Every entry has to be output exactly, with none skipped.

Saved entries
*** Block opens ***

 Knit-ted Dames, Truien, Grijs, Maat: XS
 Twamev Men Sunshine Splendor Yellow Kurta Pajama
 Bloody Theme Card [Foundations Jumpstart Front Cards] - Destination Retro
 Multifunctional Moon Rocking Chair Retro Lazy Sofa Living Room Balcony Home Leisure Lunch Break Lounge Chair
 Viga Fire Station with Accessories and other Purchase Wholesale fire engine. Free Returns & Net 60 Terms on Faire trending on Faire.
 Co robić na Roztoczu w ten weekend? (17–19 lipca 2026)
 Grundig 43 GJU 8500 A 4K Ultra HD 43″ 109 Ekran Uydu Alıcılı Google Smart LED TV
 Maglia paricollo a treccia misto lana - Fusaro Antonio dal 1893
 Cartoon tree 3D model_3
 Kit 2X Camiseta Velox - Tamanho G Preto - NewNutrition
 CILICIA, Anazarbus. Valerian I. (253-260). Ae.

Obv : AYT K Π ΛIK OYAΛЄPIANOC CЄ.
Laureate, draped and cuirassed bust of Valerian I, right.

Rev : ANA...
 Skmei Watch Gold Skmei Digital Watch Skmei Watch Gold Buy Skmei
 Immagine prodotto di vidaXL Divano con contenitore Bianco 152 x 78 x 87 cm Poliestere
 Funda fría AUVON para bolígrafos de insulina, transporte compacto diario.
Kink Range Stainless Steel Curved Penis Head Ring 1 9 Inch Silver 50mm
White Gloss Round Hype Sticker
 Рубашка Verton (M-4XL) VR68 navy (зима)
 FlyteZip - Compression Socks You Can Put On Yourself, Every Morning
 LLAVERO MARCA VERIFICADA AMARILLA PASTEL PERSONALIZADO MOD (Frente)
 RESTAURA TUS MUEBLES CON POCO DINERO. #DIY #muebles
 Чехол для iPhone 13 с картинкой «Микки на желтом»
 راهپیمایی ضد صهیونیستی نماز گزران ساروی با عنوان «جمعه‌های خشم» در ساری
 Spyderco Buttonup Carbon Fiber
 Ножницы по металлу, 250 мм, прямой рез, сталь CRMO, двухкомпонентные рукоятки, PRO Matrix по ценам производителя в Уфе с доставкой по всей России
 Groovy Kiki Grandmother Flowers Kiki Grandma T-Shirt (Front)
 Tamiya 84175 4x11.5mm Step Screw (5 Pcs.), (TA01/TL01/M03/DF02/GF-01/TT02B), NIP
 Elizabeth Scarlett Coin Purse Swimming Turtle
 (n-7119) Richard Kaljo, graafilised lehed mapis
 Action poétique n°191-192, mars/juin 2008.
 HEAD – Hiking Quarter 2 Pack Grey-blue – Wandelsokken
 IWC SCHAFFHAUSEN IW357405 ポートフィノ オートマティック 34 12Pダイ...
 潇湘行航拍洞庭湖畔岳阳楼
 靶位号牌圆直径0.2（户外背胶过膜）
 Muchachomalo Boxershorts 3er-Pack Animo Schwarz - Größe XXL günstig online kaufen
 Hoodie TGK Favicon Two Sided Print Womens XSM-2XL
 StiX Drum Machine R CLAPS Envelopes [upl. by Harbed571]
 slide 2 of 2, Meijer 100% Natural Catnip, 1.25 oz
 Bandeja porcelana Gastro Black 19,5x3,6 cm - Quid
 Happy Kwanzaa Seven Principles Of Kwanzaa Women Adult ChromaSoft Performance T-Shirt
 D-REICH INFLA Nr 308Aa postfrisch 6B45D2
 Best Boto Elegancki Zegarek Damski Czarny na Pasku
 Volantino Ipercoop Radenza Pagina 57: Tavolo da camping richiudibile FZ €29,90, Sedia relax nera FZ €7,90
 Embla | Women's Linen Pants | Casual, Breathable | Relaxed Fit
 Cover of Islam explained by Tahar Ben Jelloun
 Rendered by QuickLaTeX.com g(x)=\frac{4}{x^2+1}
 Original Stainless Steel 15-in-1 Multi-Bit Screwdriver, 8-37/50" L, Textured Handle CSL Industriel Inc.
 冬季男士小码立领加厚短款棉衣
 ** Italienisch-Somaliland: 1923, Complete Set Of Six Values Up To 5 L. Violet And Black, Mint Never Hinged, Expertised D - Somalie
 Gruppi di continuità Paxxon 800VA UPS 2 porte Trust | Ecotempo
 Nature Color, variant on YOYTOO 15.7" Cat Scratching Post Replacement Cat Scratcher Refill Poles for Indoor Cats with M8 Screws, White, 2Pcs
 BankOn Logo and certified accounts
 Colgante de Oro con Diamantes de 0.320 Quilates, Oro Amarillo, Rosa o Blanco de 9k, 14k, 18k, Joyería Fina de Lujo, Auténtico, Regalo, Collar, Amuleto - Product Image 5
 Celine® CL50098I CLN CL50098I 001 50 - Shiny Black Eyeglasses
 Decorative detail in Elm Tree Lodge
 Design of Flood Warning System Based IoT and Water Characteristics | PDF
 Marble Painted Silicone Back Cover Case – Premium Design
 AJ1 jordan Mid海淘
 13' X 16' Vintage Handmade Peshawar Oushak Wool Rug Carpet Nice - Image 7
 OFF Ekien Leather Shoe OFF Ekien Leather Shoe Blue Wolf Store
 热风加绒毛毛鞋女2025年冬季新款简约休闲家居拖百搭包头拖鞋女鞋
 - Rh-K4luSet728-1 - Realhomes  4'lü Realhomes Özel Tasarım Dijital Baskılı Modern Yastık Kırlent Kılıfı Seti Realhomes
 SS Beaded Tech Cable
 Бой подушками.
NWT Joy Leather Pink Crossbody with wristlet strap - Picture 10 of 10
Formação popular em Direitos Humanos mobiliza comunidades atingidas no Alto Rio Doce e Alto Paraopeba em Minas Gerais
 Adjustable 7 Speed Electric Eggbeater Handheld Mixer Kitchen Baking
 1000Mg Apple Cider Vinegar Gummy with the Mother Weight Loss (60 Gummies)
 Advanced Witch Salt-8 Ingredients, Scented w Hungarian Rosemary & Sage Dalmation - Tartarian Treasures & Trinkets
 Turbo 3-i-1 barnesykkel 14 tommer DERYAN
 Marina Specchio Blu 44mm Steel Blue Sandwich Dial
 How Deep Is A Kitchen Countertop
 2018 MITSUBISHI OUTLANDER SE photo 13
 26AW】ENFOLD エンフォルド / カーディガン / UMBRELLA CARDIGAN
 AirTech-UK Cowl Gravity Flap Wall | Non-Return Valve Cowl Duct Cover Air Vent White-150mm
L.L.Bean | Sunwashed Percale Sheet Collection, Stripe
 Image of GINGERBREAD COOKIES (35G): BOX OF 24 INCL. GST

*** Block closes ***

Exercise answer:
 Knit-ted Dames, Truien, Grijs, Maat: XS
 Twamev Men Sunshine Splendor Yellow Kurta Pajama
 Bloody Theme Card [Foundations Jumpstart Front Cards] - Destination Retro
 Multifunctional Moon Rocking Chair Retro Lazy Sofa Living Room Balcony Home Leisure Lunch Break Lounge Chair
 Viga Fire Station with Accessories and other Purchase Wholesale fire engine. Free Returns & Net 60 Terms on Faire trending on Faire.
 Co robić na Roztoczu w ten weekend? (17–19 lipca 2026)
 Grundig 43 GJU 8500 A 4K Ultra HD 43″ 109 Ekran Uydu Alıcılı Google Smart LED TV
 Maglia paricollo a treccia misto lana - Fusaro Antonio dal 1893
 Cartoon tree 3D model_3
 Kit 2X Camiseta Velox - Tamanho G Preto - NewNutrition
 CILICIA, Anazarbus. Valerian I. (253-260). Ae.

Obv : AYT K Π ΛIK OYAΛЄPIANOC CЄ.
Laureate, draped and cuirassed bust of Valerian I, right.

Rev : ANA...
 Skmei Watch Gold Skmei Digital Watch Skmei Watch Gold Buy Skmei
 Immagine prodotto di vidaXL Divano con contenitore Bianco 152 x 78 x 87 cm Poliestere
 Funda fría AUVON para bolígrafos de insulina, transporte compacto diario.
Kink Range Stainless Steel Curved Penis Head Ring 1 9 Inch Silver 50mm
White Gloss Round Hype Sticker
 Рубашка Verton (M-4XL) VR68 navy (зима)
 FlyteZip - Compression Socks You Can Put On Yourself, Every Morning
 LLAVERO MARCA VERIFICADA AMARILLA PASTEL PERSONALIZADO MOD (Frente)
 RESTAURA TUS MUEBLES CON POCO DINERO. #DIY #muebles
 Чехол для iPhone 13 с картинкой «Микки на желтом»
 راهپیمایی ضد صهیونیستی نماز گزران ساروی با عنوان «جمعه‌های خشم» در ساری
 Spyderco Buttonup Carbon Fiber
 Ножницы по металлу, 250 мм, прямой рез, сталь CRMO, двухкомпонентные рукоятки, PRO Matrix по ценам производителя в Уфе с доставкой по всей России
 Groovy Kiki Grandmother Flowers Kiki Grandma T-Shirt (Front)
 Tamiya 84175 4x11.5mm Step Screw (5 Pcs.), (TA01/TL01/M03/DF02/GF-01/TT02B), NIP
 Elizabeth Scarlett Coin Purse Swimming Turtle
 (n-7119) Richard Kaljo, graafilised lehed mapis
 Action poétique n°191-192, mars/juin 2008.
 HEAD – Hiking Quarter 2 Pack Grey-blue – Wandelsokken
 IWC SCHAFFHAUSEN IW357405 ポートフィノ オートマティック 34 12Pダイ...
 潇湘行航拍洞庭湖畔岳阳楼
 靶位号牌圆直径0.2（户外背胶过膜）
 Muchachomalo Boxershorts 3er-Pack Animo Schwarz - Größe XXL günstig online kaufen
 Hoodie TGK Favicon Two Sided Print Womens XSM-2XL
 StiX Drum Machine R CLAPS Envelopes [upl. by Harbed571]
 slide 2 of 2, Meijer 100% Natural Catnip, 1.25 oz
 Bandeja porcelana Gastro Black 19,5x3,6 cm - Quid
 Happy Kwanzaa Seven Principles Of Kwanzaa Women Adult ChromaSoft Performance T-Shirt
 D-REICH INFLA Nr 308Aa postfrisch 6B45D2
 Best Boto Elegancki Zegarek Damski Czarny na Pasku
 Volantino Ipercoop Radenza Pagina 57: Tavolo da camping richiudibile FZ €29,90, Sedia relax nera FZ €7,90
 Embla | Women's Linen Pants | Casual, Breathable | Relaxed Fit
 Cover of Islam explained by Tahar Ben Jelloun
 Rendered by QuickLaTeX.com g(x)=\frac{4}{x^2+1}
 Original Stainless Steel 15-in-1 Multi-Bit Screwdriver, 8-37/50" L, Textured Handle CSL Industriel Inc.
 冬季男士小码立领加厚短款棉衣
 ** Italienisch-Somaliland: 1923, Complete Set Of Six Values Up To 5 L. Violet And Black, Mint Never Hinged, Expertised D - Somalie
 Gruppi di continuità Paxxon 800VA UPS 2 porte Trust | Ecotempo
 Nature Color, variant on YOYTOO 15.7" Cat Scratching Post Replacement Cat Scratcher Refill Poles for Indoor Cats with M8 Screws, White, 2Pcs
 BankOn Logo and certified accounts
 Colgante de Oro con Diamantes de 0.320 Quilates, Oro Amarillo, Rosa o Blanco de 9k, 14k, 18k, Joyería Fina de Lujo, Auténtico, Regalo, Collar, Amuleto - Product Image 5
 Celine® CL50098I CLN CL50098I 001 50 - Shiny Black Eyeglasses
 Decorative detail in Elm Tree Lodge
 Design of Flood Warning System Based IoT and Water Characteristics | PDF
 Marble Painted Silicone Back Cover Case – Premium Design
 AJ1 jordan Mid海淘
 13' X 16' Vintage Handmade Peshawar Oushak Wool Rug Carpet Nice - Image 7
 OFF Ekien Leather Shoe OFF Ekien Leather Shoe Blue Wolf Store
 热风加绒毛毛鞋女2025年冬季新款简约休闲家居拖百搭包头拖鞋女鞋
 - Rh-K4luSet728-1 - Realhomes  4'lü Realhomes Özel Tasarım Dijital Baskılı Modern Yastık Kırlent Kılıfı Seti Realhomes
 SS Beaded Tech Cable
 Бой подушками.
NWT Joy Leather Pink Crossbody with wristlet strap - Picture 10 of 10
Formação popular em Direitos Humanos mobiliza comunidades atingidas no Alto Rio Doce e Alto Paraopeba em Minas Gerais
 Adjustable 7 Speed Electric Eggbeater Handheld Mixer Kitchen Baking
 1000Mg Apple Cider Vinegar Gummy with the Mother Weight Loss (60 Gummies)
 Advanced Witch Salt-8 Ingredients, Scented w Hungarian Rosemary & Sage Dalmation - Tartarian Treasures & Trinkets
 Turbo 3-i-1 barnesykkel 14 tommer DERYAN
 Marina Specchio Blu 44mm Steel Blue Sandwich Dial
 How Deep Is A Kitchen Countertop
 2018 MITSUBISHI OUTLANDER SE photo 13
 26AW】ENFOLD エンフォルド / カーディガン / UMBRELLA CARDIGAN
 AirTech-UK Cowl Gravity Flap Wall | Non-Return Valve Cowl Duct Cover Air Vent White-150mm
L.L.Bean | Sunwashed Percale Sheet Collection, Stripe
 Image of GINGERBREAD COOKIES (35G): BOX OF 24 INCL. GST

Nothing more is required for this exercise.